Mi offrì il braccio, il gesto formale ma caloroso. Esitai solo brevemente prima di posare la mia mano leggermente sul suo avambraccio. Il contatto inviò un'ondata di calore attraverso il mio palmo, su per il braccio, stabilendosi da qualche parte dietro la mia gabbia toracica. La mia lupa si fece avanti di nuovo, la sua gioia un brillante contrappunto alla mia persistente cautela umana.

Mentre Theo mi conduceva verso le porte del balcone, ero acutamente consapevole del calore di lui accanto a me, del sottile spostamento dei muscoli sotto le mie dita, del suo profumo che mi avvolgeva come una promessa.
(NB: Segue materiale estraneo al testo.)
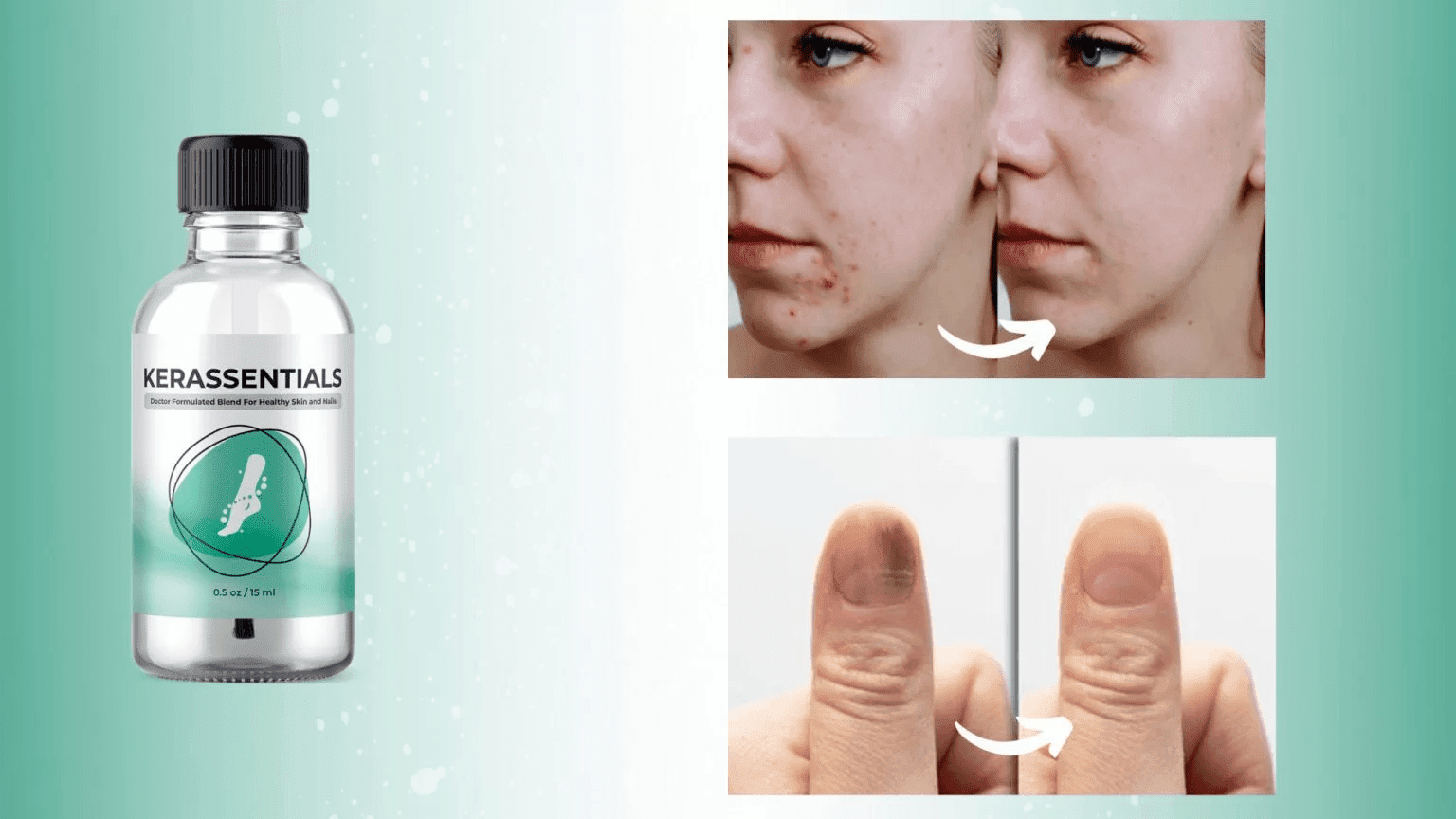 Kerassentials product Kerassentials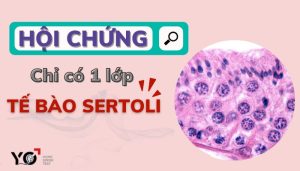 Hoi chung chi co mot lop te bao sertoli
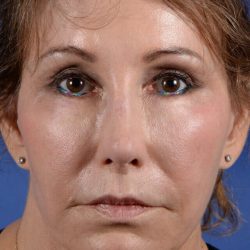 Revision Rhinoplasty Before & After Patient #2467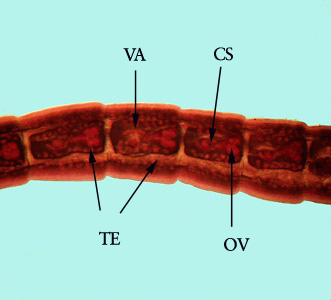 Mesocestoides_proglottid_BAM2.jpg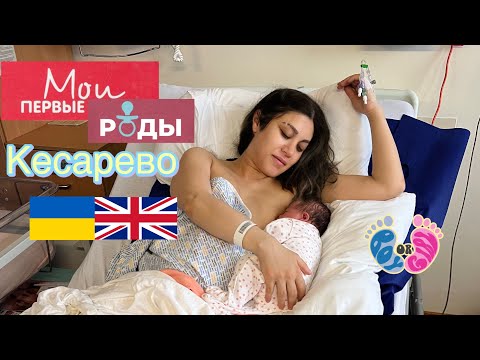 Видео: Роды в Великобритании(БЕЗ ЦЕНЗУРЫ)/Плановое Кесарево сечение/Все этапы родов/Первые роды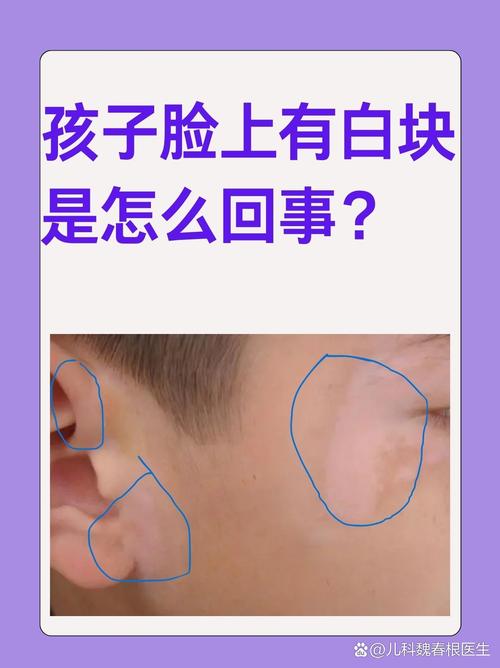 儿童脸上有白斑是缺钙还是白癜风？这些原因家长必须警惕！-第3张图片-郑州医学网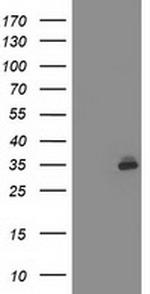 SIRT5 Antibody in Western Blot (WB)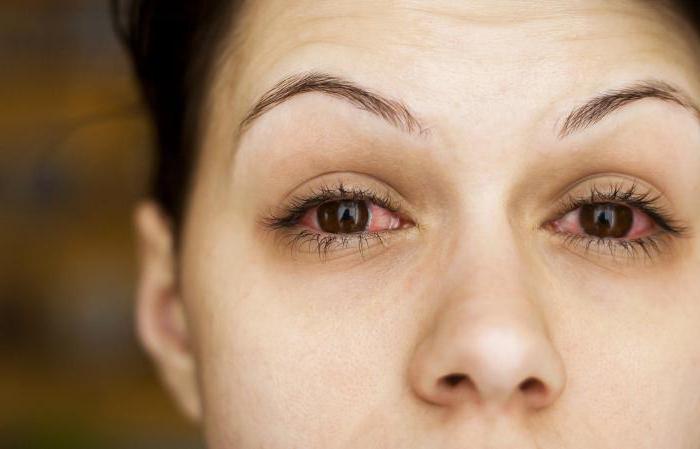 Аллергия на глазах: как лечить, эффективные способы и рекомендации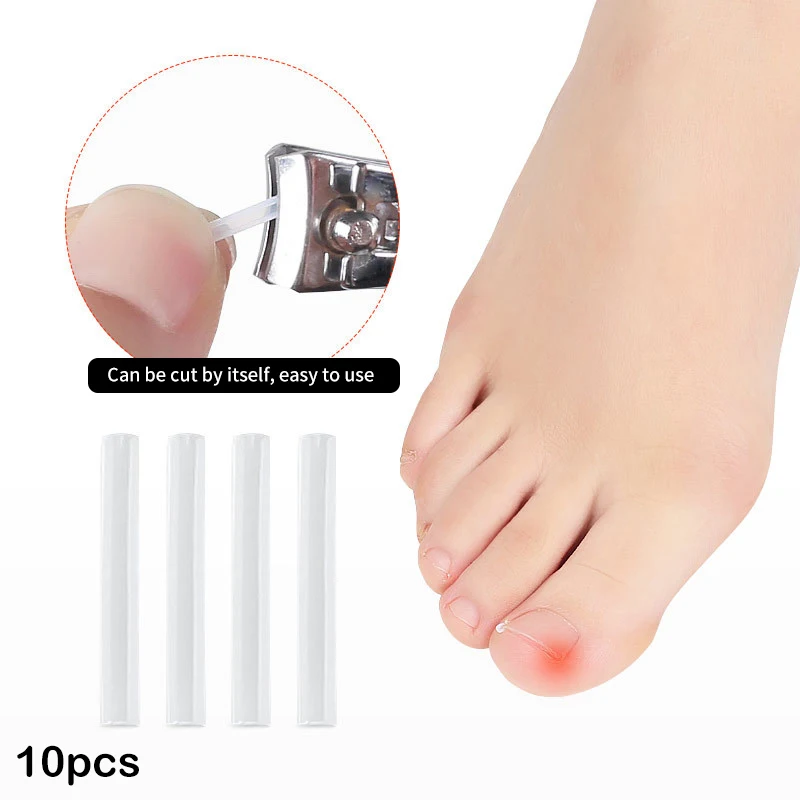 10Pcs Ingrown Toenail Correction Tool Ingrown Toe Nail Treatment Elastic Patch Sticker Straightening Clip Brace Pedicure Tool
Il legame tra noi vibrava con potenziale e complicazione in egual misura.

Le porte si aprirono al nostro avvicinarsi, come per magia, anche se intravidi un attendente reale che si faceva discretamente da parte. La sala da ballo oltre brillava di luce dorata, la musica si gonfiava mentre attraversavamo la soglia. Le conversazioni si fermarono mentre le teste si voltavano nella nostra direzione, la curiosità e la speculazione si diffondevano nella folla come vento tra l'erba alta.

La mia mano si strinse involontariamente sul braccio di Theo. "Tutti ci stanno guardando," mormorai, lottando contro l'impulso di ritirarmi in me stessa.
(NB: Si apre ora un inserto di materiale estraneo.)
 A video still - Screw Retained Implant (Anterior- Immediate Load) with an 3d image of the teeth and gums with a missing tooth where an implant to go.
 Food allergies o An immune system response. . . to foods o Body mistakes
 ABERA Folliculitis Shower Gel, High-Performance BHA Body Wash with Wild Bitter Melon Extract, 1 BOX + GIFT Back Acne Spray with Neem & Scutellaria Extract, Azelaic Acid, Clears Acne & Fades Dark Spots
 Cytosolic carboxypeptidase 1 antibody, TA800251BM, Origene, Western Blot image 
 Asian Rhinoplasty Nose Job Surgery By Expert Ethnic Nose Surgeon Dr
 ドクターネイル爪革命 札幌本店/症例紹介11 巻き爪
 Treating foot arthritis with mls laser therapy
"Lascia che guardino," rispose, la sua voce bassa solo per le mie orecchie. "Vedranno solo il loro re che accompagna un'ospite distinta al bar."

Lo guardai, cogliendo il minimo accenno di malizia nei suoi occhi ambrati. "È questo che sono? Un'ospite distinta?"

Il suo sguardo si addolcì mentre incontrava il mio. "Sei ciò che scegli di essere, Emma. Dipende interamente da te."

La semplice dichiarazione mi avvolse come un caldo mantello. Raddrizzai le spalle, attingendo alla forza che avevo lottato così duramente per riconquistare, e permisi a Theodore Lykoudis, Re dei Licantropi e mio compagno di seconda possibilità, di guidarmi attraverso la folla che si apriva verso il bar scintillante all'estremità della sala da ballo.

Un passo. Poi un altro. Il viaggio di mille miglia, che inizia proprio qui, proprio ora, con la mia mano sul suo braccio e la possibilità che si stende davanti a noi come un territorio inesplorato—bello, pericoloso, e completamente nostro da scoprire.